Murder, Center Stage: Misadventures of a Clandestine Critic, a novella by Bob Abelman

New book from Bob Abelman …

It’s like an Agatha Christie whodunnit set to a Stephen Sondheim score — on a Cleveland stage. With laughs!

A laugh-out-loud funny backstage tale!

In this sequel to All the World’s a Stage Fright, our hero—fallible local theater critic Asher Kaufman—once again finds himself in an uncomfortable role: acting in a professional stage production so he can write about the experience for his newspaper, the Cleveland Jewish Chronicle.

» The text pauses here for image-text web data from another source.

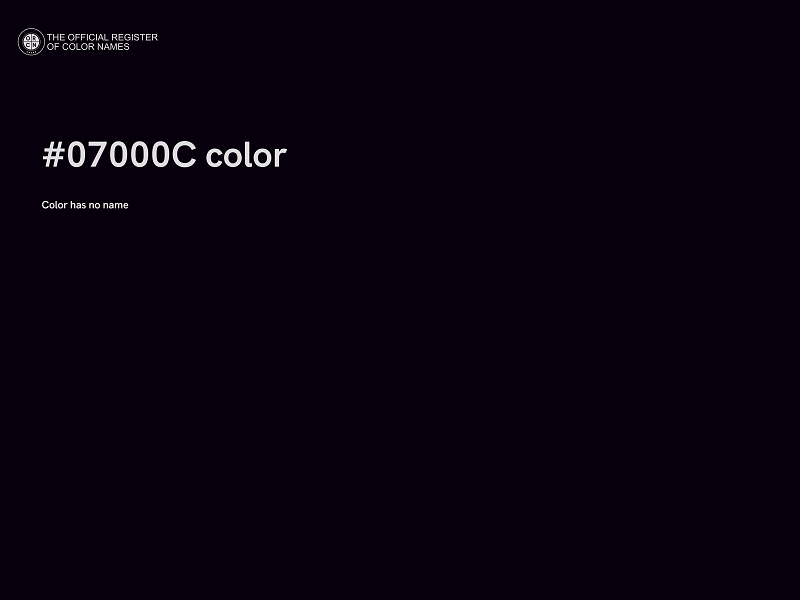 #07000C color image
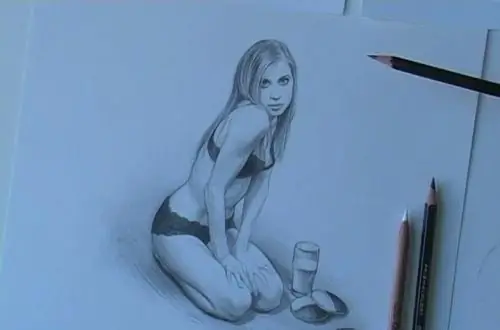 How to draw naked girls with a pencil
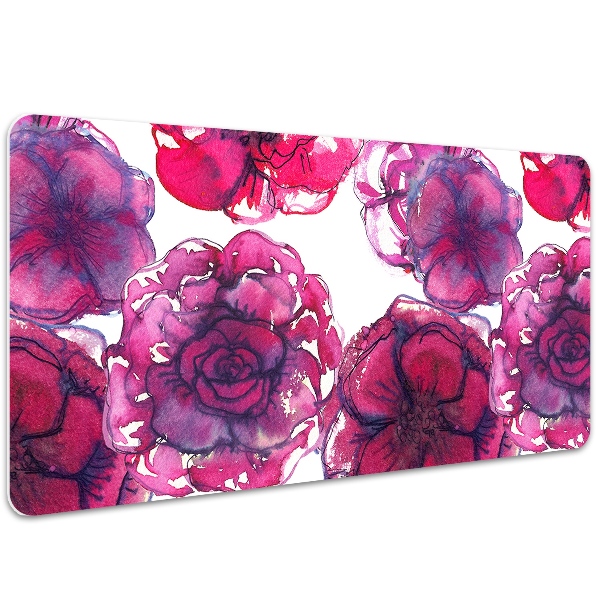 Alfombrilla escritorio Rosas rojas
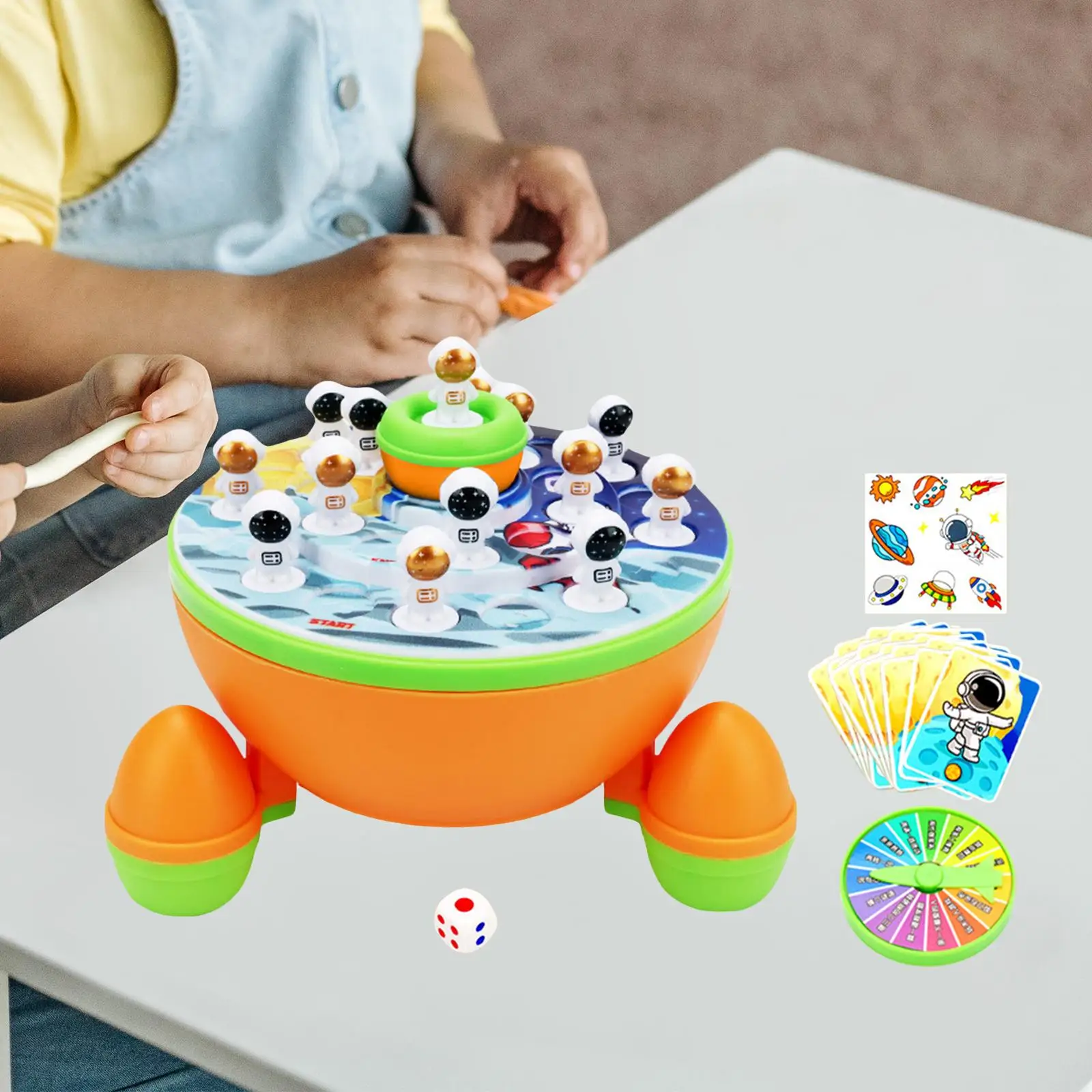 Montessori Toy 2 Player Puzzle Educational Toy Durable Space Board Game for Home Travel Kindergarten Preschool Girls Boys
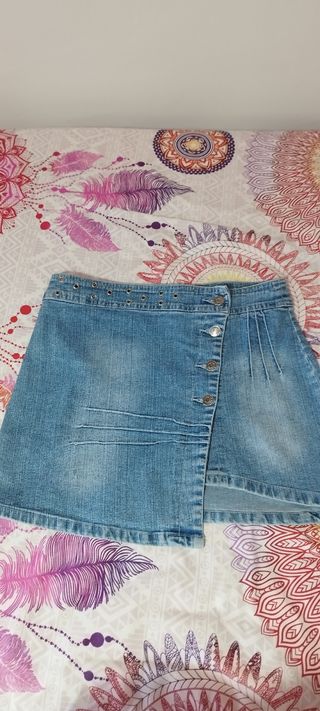 Mini Falda Vaquera-Azul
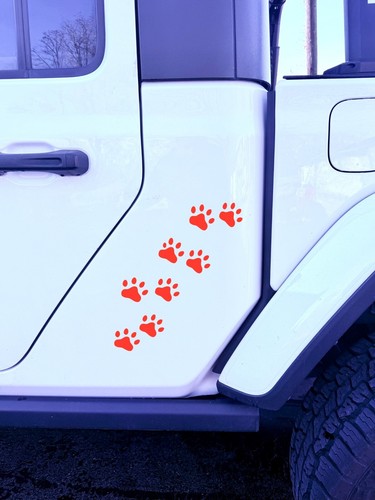 CALCOMANÍA DE VINILO IMPRESIONES DE PATAS DE GATO PARA CAMIÓN SUV parachoques pared computadora portátil decoración del hogar pequeña - Imagen 8 de 8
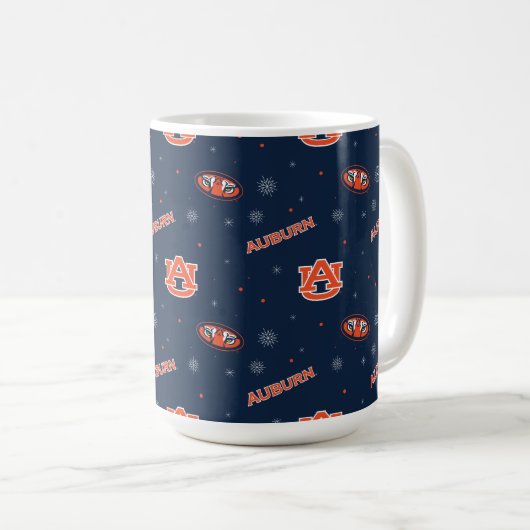 Mug Université d'Auburn | Motif de vacances (Devant droit)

This time, the show is the angry, bloody, and brilliant musical Sweeney Todd. And in addition to mastering the musical’s famously challenging lyrics and performing its dark, enigmatic melodies, Asher finds himself in the middle of an unscripted, onstage, opening night murder.

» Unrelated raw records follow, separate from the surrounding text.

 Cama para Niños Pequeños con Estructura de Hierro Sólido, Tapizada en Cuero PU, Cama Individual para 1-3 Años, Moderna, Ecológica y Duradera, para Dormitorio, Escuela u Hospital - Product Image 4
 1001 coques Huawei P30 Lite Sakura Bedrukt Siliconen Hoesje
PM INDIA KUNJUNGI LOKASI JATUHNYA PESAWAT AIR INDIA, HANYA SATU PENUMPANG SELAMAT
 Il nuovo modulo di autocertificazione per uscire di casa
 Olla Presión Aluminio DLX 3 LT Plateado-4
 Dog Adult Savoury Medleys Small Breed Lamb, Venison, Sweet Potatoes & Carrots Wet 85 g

The police detective leading the investigation is a no-nonsense crime solver but a fish out of water in the world of theater, so she asks Asher to be her cultural advisor on the case.

Now, he must help find out which of his quirky castmates is a killer. They all claim innocence, but as Asher knows firsthand, they could just be acting.

Murder, Center Stage

by Bob Abelman

Misadventures of a Clandestine Critic (a Novella)
Paperback book / 144 pages

What people are saying about Murder, Center Stage …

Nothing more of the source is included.